Но похоже, все о ней забыли, как подозревала Габби, не в последнюю очередь благодаря тому, что они были замужем за такими необычайно сексуальными мужчинами), а Габби сидела молча, чувствуя, что постепенно становится почти такой же невидимой, каким до этого был Адам. Как будто он не просто избавился от заклятия, но и каким-то образом перенес его действие на нее.
Наконец, видимо потеряв терпение, Драстен приказал прислуге ложиться спать, грозно хлопнул дверью библиотеки а после недолгой паузы закрыл ее на ключ и прислонился к ней спиной.
– Ты что, вынужден постоянно это терпеть? – насмешливо поинтересовался он у Адама.
Тот кивнул.
– Хотя встречаются и такие, – сказал Адам, бросая взгляд в сторону Габби, – которые для начала предпочитают хорошенько меня треснуть.
Он произнес это, демонстративно потирая губу, которую она разбила, и беззаботно ухмыльнулся.
Она сжала руки в кулаки, чтобы не вскочить и не ударить его еще раз. Просто за то, что он Адам. За то, что он так непростительно неотразим. За то, черт возьми, что он стал видимым. Почему он не мог остаться под действием заклятия? Неужели это так сложно?
Тогда она была ему нужна. Но не теперь. Он уже мог говорить от своего имени; он больше не нуждался в посреднике. И вокруг него были десятки женщин, которые жаждали удовлетворить любое его желание по одному мановению его обольстительной руки. Габби вдруг показалось, будто ее чего-то лишили.
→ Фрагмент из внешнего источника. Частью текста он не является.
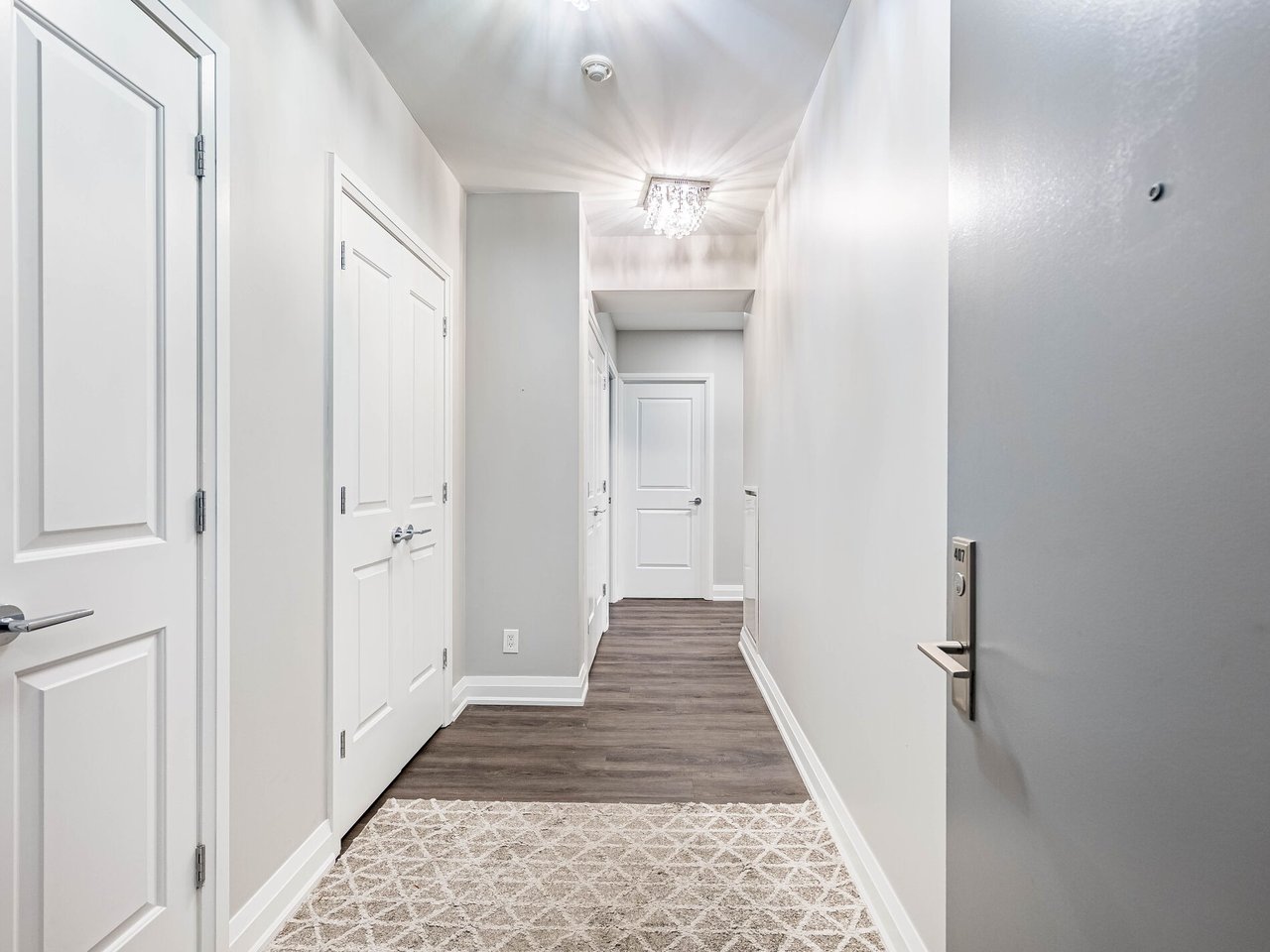 83 Redpath Avenue 407, Toronto C10, ON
Она нахмурилась и сделала вид, что умирает от усталости, не желая смотреть на то, как другие женщины борются за его внимание. Не желая переживать все чувства, которые пробуждались в ней при этом. И не имея желания проверять, будут ли они взбираться по стенам замка и ломиться в окна, чтобы до браться до него.
Гвен отвлеклась от сложных вопросов по космологии, которыми она довольно долго забрасывала Адама, чтобы показать комнату гостье.